Mr Medcraft said the only realistic response was harsher jail terms and bigger penalties for white-collar crime.
He also repeated calls for a national competency exam for financial advisers in the lead up to a crackdown on the industry and more funding for ASIC to investigate the finance sector, including a user-pays funding model.
Finance industry players were not "Christian soldiers", Mr Medcraft said on Tuesday, but were motivated by fear and greed.
"You have to lift the fear and suppress the greed," he said.
"This is a bit of a paradise, Australia, for white collar.
"The thing that scares white-collar criminals is going to jail and
that's what scares them everywhere in the world."

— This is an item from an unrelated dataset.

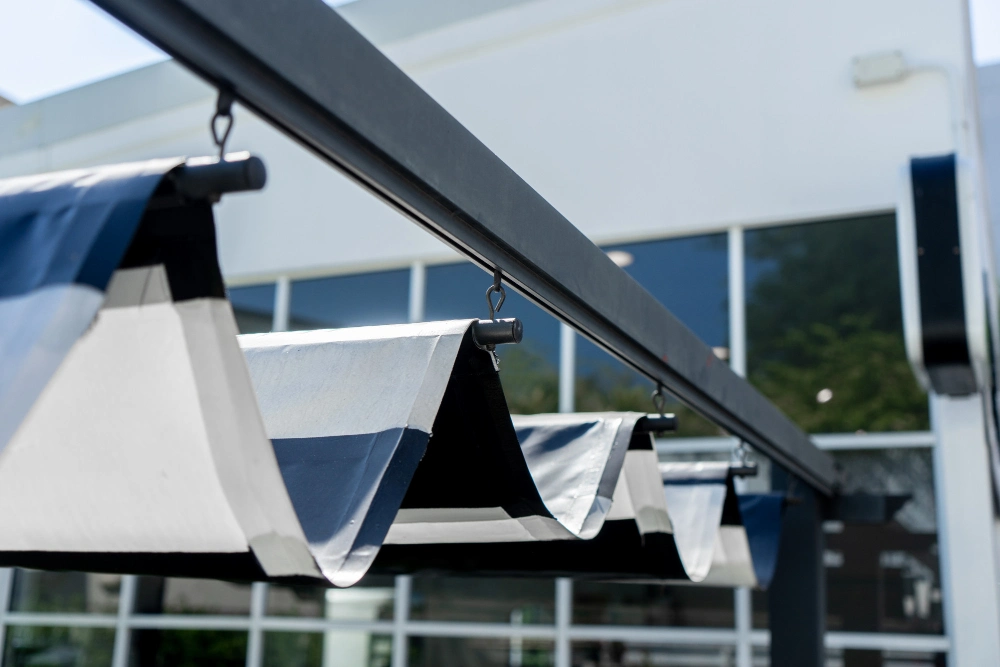 Pérgola azul y blanca a medida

"The penalties, particularly civil penalties, in Australia for white-collar offences are basically not strong enough, not tough enough. All you're doing is giving them a slap on the wrist [and] that is not deterring people."

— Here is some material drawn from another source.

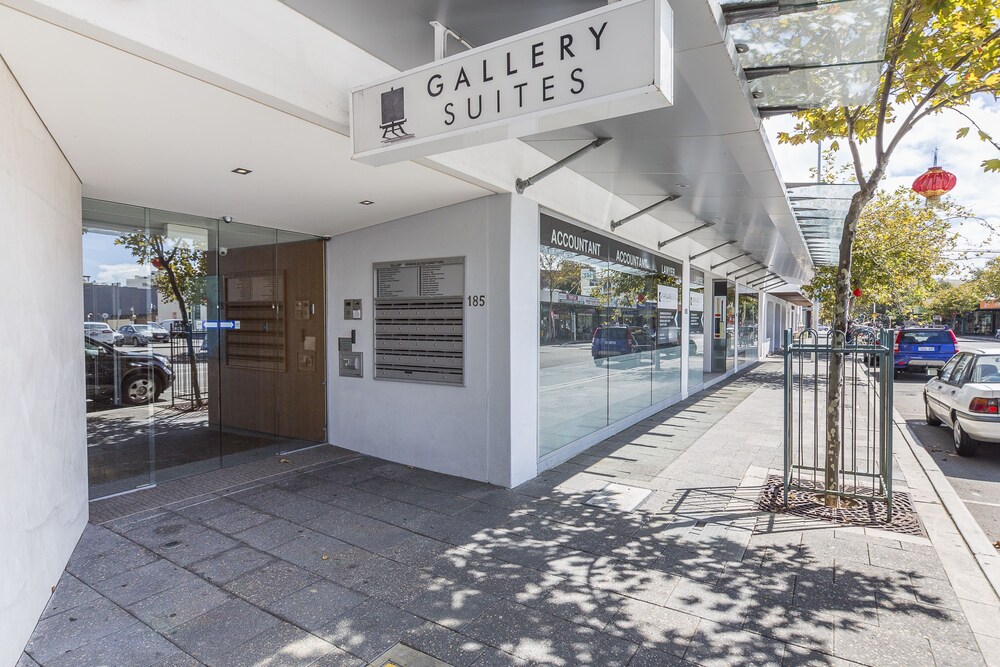 Gallery Suites 33/48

In the past few years ASIC has come under fire over its handling of scandals at the financial planning arms of the Commonwealth Bank, Macquarie Group, and Storm Financial.
At recent Senate and parliamentary committee inquiries the corporate regulator was accused of being too slow to act against dodgy financial planners, of lacking transparency and being too trusting of big business.
Mr Medcraft admitted ASIC had made mistakes, but said its capacity to investigate and pursue corrupt financial advisers had been curtailed by a lack of resources.
He vowed to be more transparent about ASIC's enforcement actions and said the regulator would "not be captive to the big end of town".
"If we want to react faster, then having more resources to be able to do it is important," he said.
The Australian Securities and Investments Commission plans to devote more resources to scrutinising and investigating the financial advisory industry while also forcing the sector to lift its game through better education, monitoring and reporting of breaches.
"One way of lifting resources is to put pressure on them to better police themselves," Mr Medcraft said.
"You have to try to put more pressure on the people who are supposed to be monitoring the advisers, so our strategy is going to be spending a lot more time putting pressure on their own misconduct and breach reporting."
Mr Medcraft stepped up calls for a national exam for financial advisers to level the playing field and ensure minimum levels of financial competency.
"At least, pilots have to sit for a competency exam run by CASA (Civil Aviation Safety Authority) – I regard financial advice as just as important," he said.